The poor man is still hunched over the wheel (until Thursday, alas), and the ambulance, which has inexplicably parked on the other side of the Square, won’t be able to do a thing when they eventually reach him, as it’s clear he’s a gonner. Still, you’d think that someone would have expressed concern. But oh, no; I forgot. He’s an extra. Superfluous to requirements.
   
And so, we wait with bated breath, to see who’s dead. It’s never who you want though, is it - yes, I’m talking to you, Donna and Kim.

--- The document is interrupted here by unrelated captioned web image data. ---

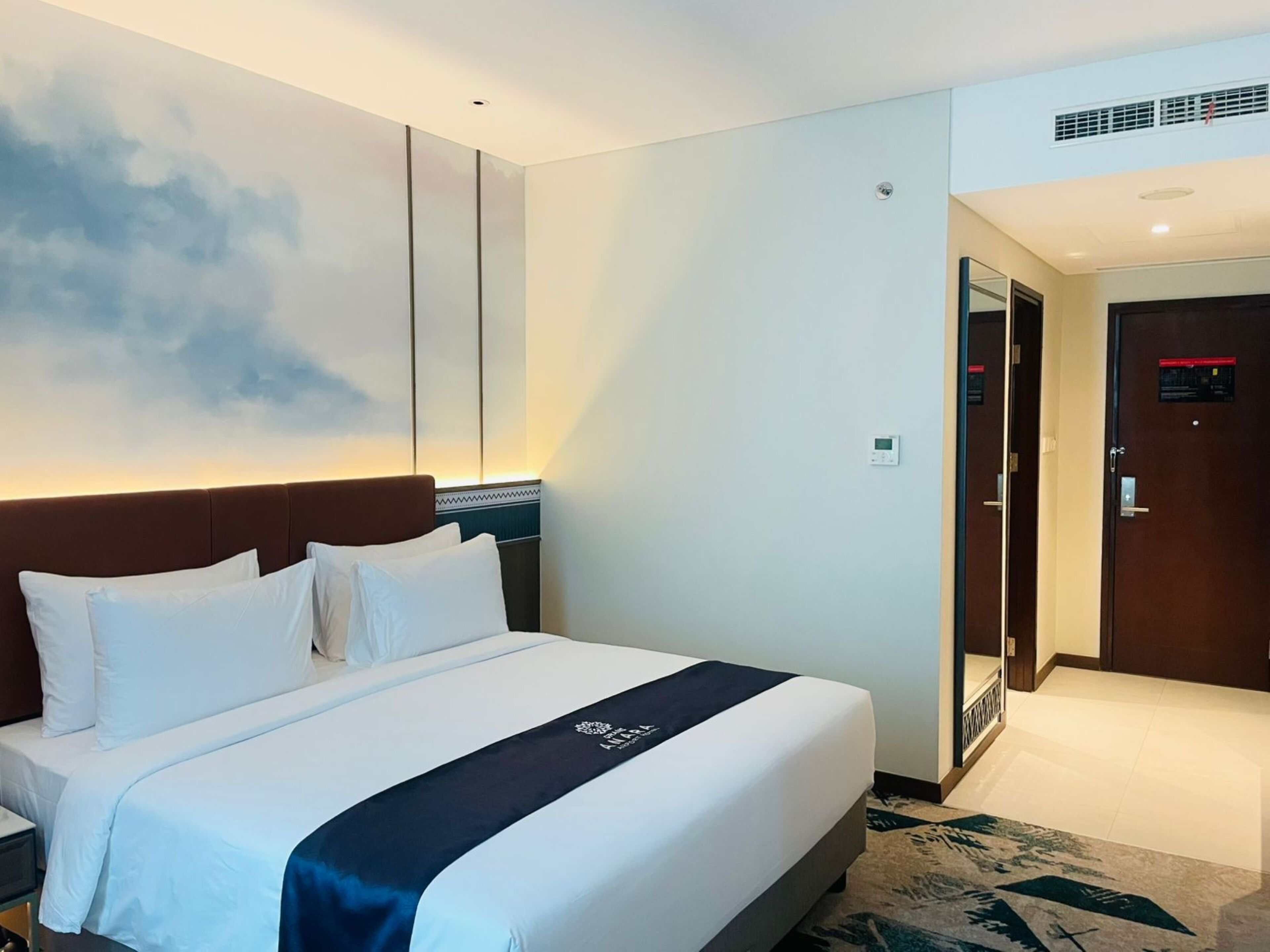 Hotelkamer met een groot bed, hoofdbord, een wandairconditioner, een deur met spiegel en een vloerbedekking.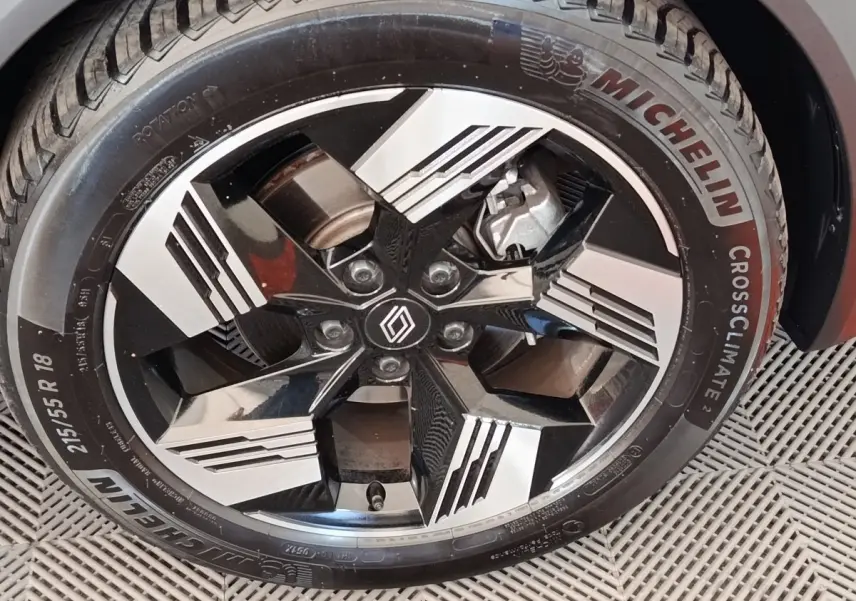 Gros plan sur la roue avant droite du Renault Symbioz noir, jante alliage bicolore au design moderne.
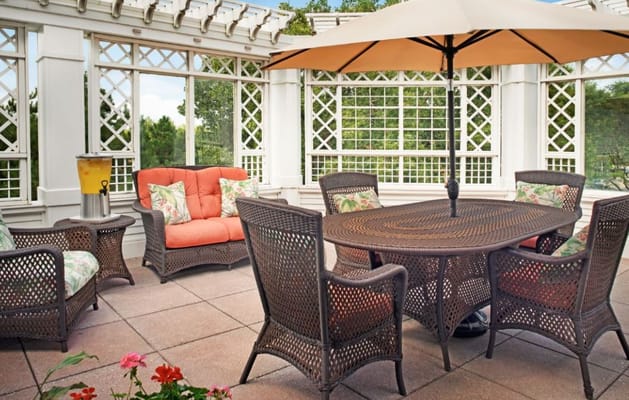 Cozy outdoor patio seating area with table and chairs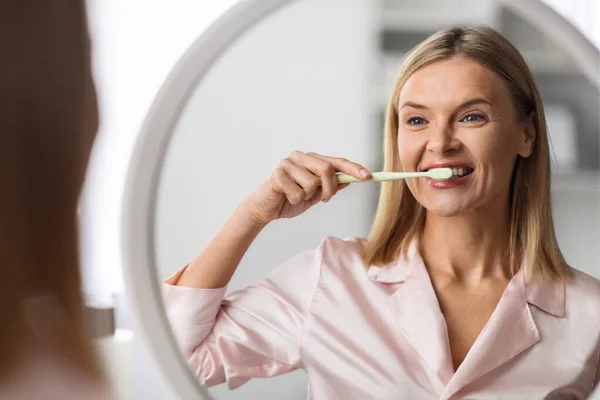 Красивая Зрелая Женщина Чистит Зубы Зубной Щеткой Рядом Зеркалом Счастливая — стоковое фото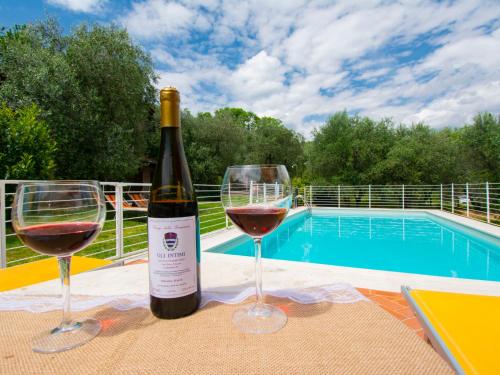 two glasses of wine sitting on a table near a pool at Holiday Home Colle alla luna by Interhome in Pieve a Nievole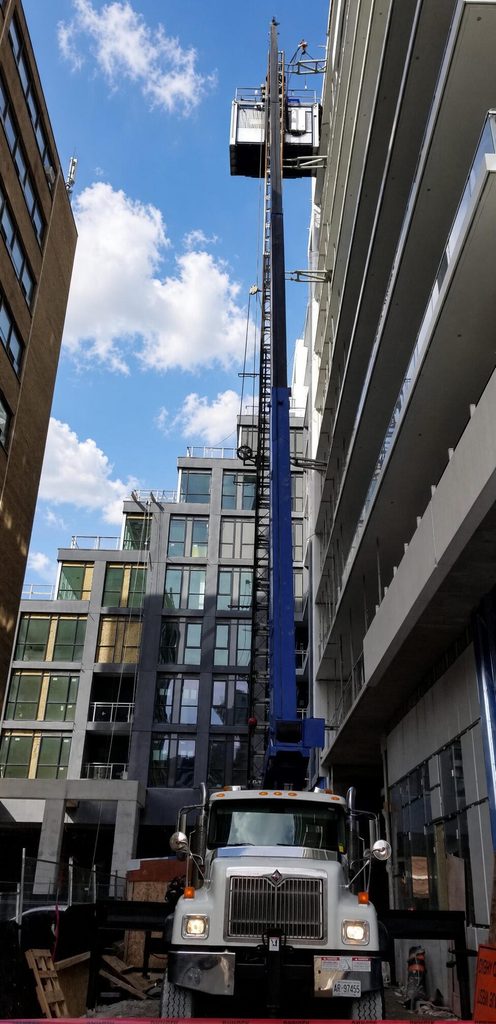 Mobile crane setup and vertical hoist mast on high-rise job site in Toronto and Burlington, Ontario
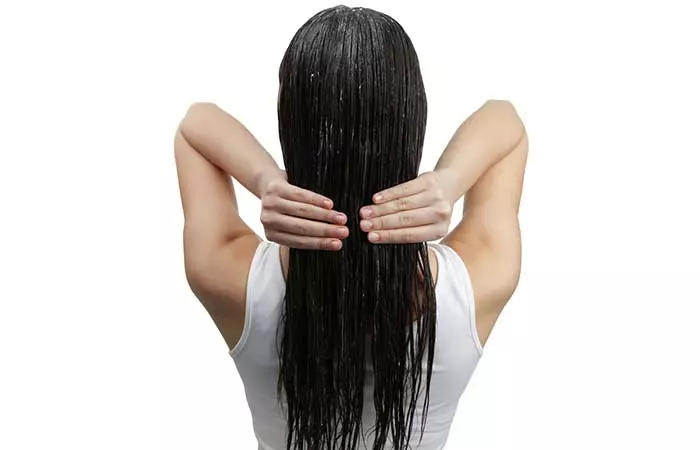 Apply coconut oil before swimming to protect hair color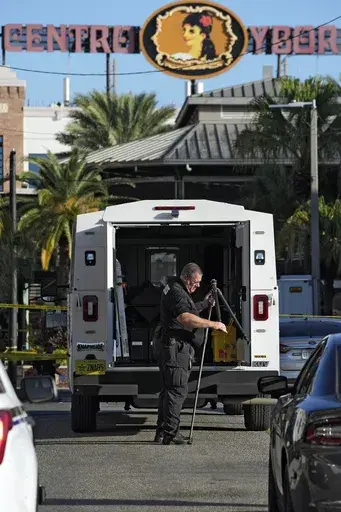 A Tampa police officer opens a tripod in the Ybor City section of Tampa, Fla., after a shooting early Sunday, Oct. 29, 2023. A fight between two groups turned deadly in a shooting during Halloween festivities. (AP Photo/Chris O'Meara)
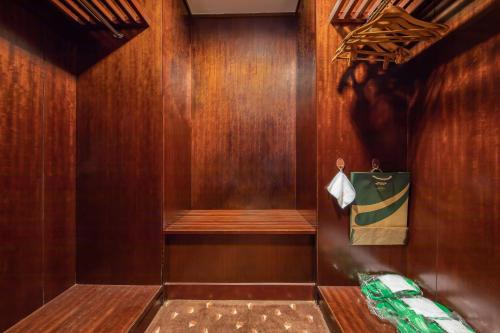 a walk in shower with wood paneling and a towel at Formosan Naruwan Hotel in Taitung City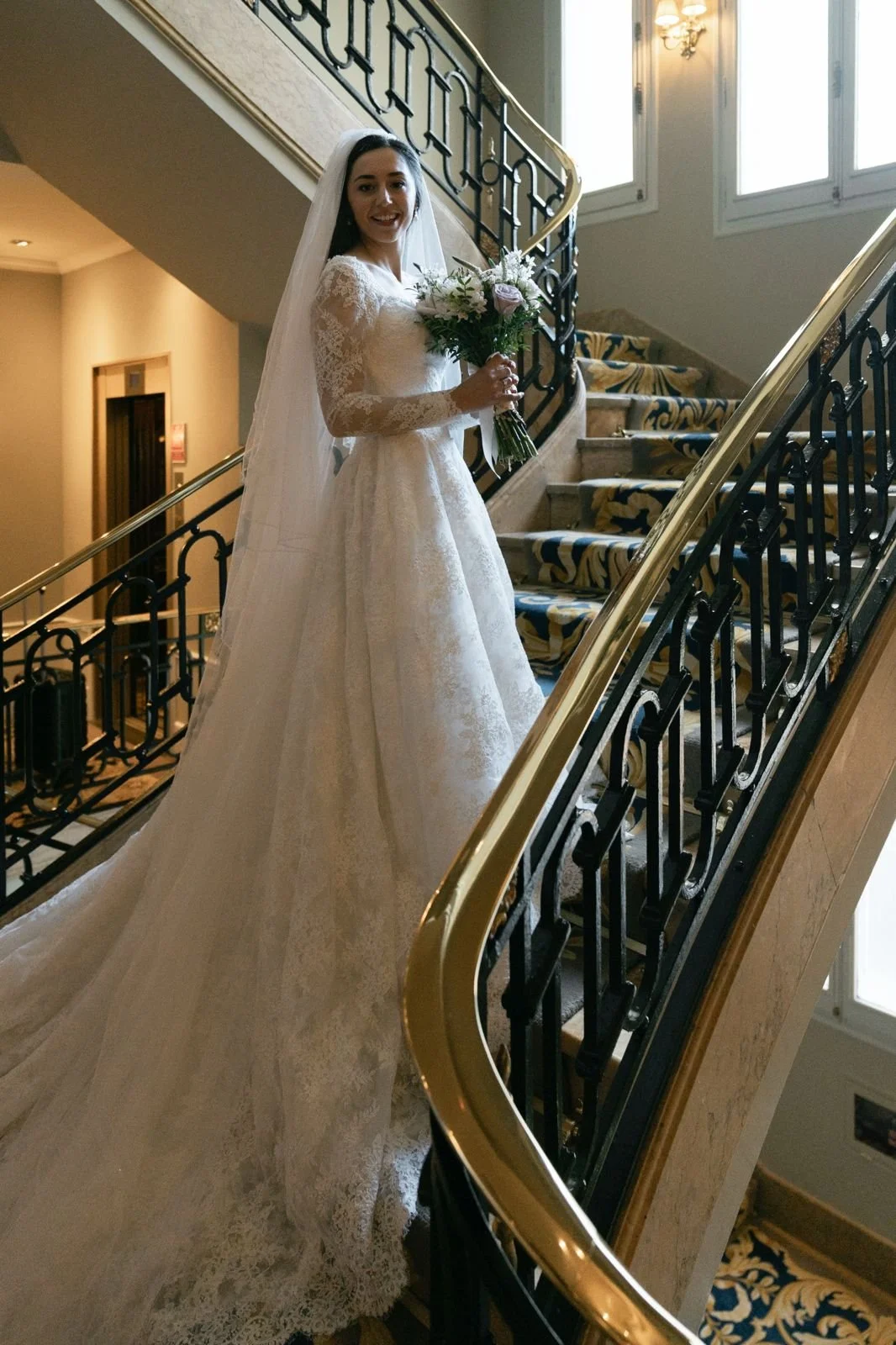 A bride in a white lace wedding dress holding a bouquet standing on a staircase in an elegant indoor setting.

Among the current characters, I could list dozens more – not least, most of those kids who have miraculously appeared in a school that has also emanated from nowhere. 
   
At least more deaths will give Billy and Jay something to do over the next few days and, hopefully, Honey will continue to provide Billy with his corned beef and pickle sandwiches he consumes in the front seat of his vehicle when picking up bodies. 

If he offers you one, Jay, don’t touch it; you know where his hands have been. 
   
  

   

AMERICAN (HOT) AIR

American Airlines rewarded me this week for the nice comments I made about their airline on Twitter. 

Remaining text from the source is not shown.